For the merest fraction of a second he saw the terror stricken grimace of hatred and disbelief on B-Haaq's thin face, and then the interior of the helmet was a mass of exploding flesh and blood.

He whirled. Blasted recklessly back to the Justifier, almost missed; back-blasted, slid.

He grabbed Deanne about the waist of her suit, and then flicked on his space radio.

"This is Kane calling Stine! Kane, calling Stine! Do you hear me, Stine?"

His earphones crackled. "What the blue Jupiter is going on out there, Kane? Have you—"

"Stine, you're a real dumbhead! A real Prokyman bat brain! You should have learned better who to trust by this time! The girl and I have done a job for you out here. You'll never get it fixed now, not in ten million years! Sure, a system dies; it gives its life, but so that people like you can't make other people think you're God and enslave others like it! You're through, Stine!"

"Kane, you're going to die where you stand!" The earphones almost shook from their connections.

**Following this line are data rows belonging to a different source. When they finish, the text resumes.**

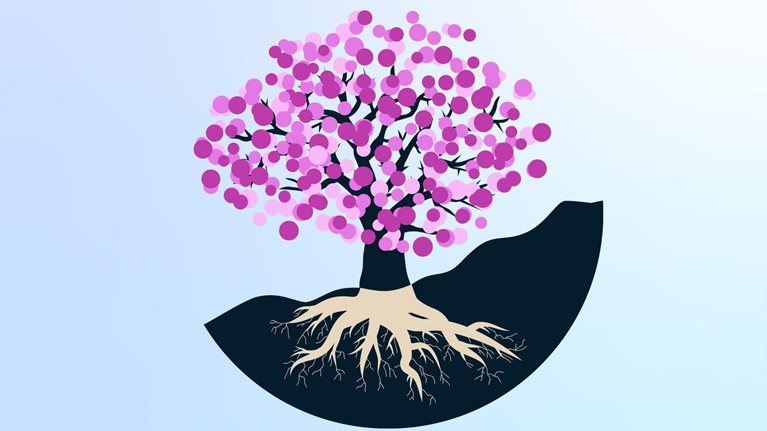 Vector illustration of a tree with blossoms and roots going into the ground.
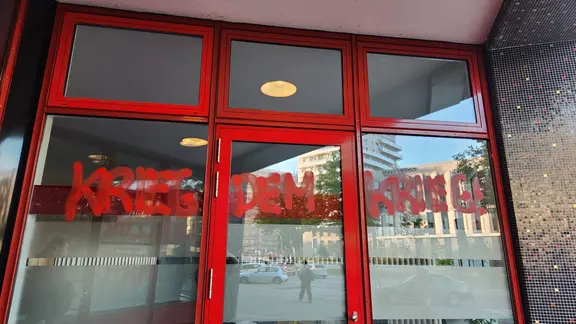 Der mit roter Farbe gemalte Schriftzug "Krieg dem Krieg" steht auf einer Fensterscheibe.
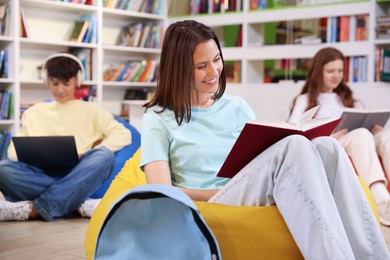 Photo of Student with book studying on bean bag in library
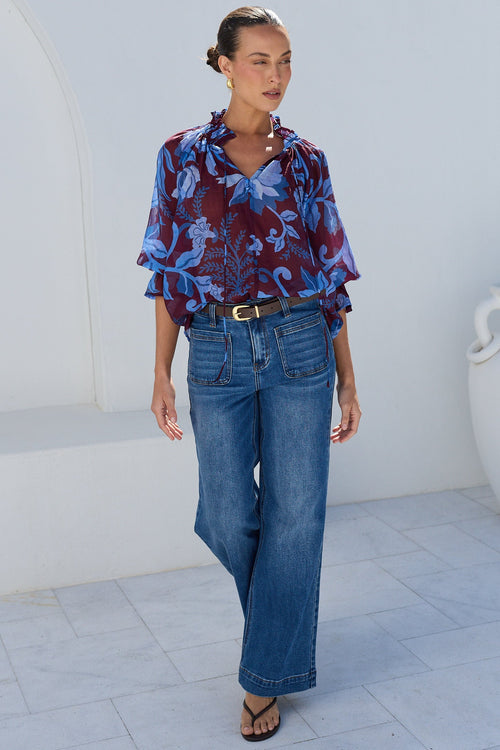 A woman stands outdoors against a white stucco wall wearing a blue and burgundy patterned blouse with ruffled sleeves, blue wide-leg jeans, and black sandals.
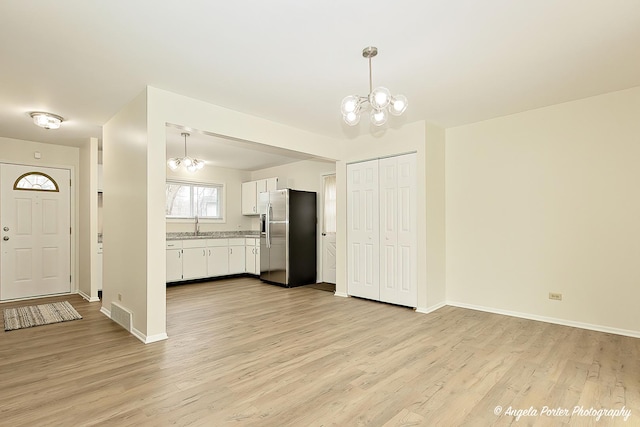 kitchen with decorative light fixtures, white cabinets, stainless steel fridge, and an inviting chandelier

And Jon pulled at Deanne, pulled her prone beside him on the smooth metal of the nearly-flat disc!

"Shield your eyes!"

Every gun in Stine's batteries blazed. Blazed, and smashed inward in a blinding, coruscating sea of blue-white flame that for a moment seemed to rival Procyon herself! For silent seconds, the great ship seemed to devour itself in the pent up energies suddenly unleashed in a single hell-spawned torrent of fire from its erupting bowels, then it was no longer matter but a great wraith of superhot gasses fast dissipating into the dark of Infinity.

"Jon! Jon, darling—"

"It's O.K., princess. It's O.K. now."

"But you—"

"I fixed his guns for him. He made me do it, remember? Oh, I fixed 'em good!"

And then they both laughed. Laughed until the tears came, two pygmies in Space, two pygmies against a solar system of planets with a whole universe to hear them.

Then slowly, two fine trails of fire started toward a slender, streamlined shape that hovered ten thousand miles off.

Somewhere high above them, a Cepheid winked. Knowingly.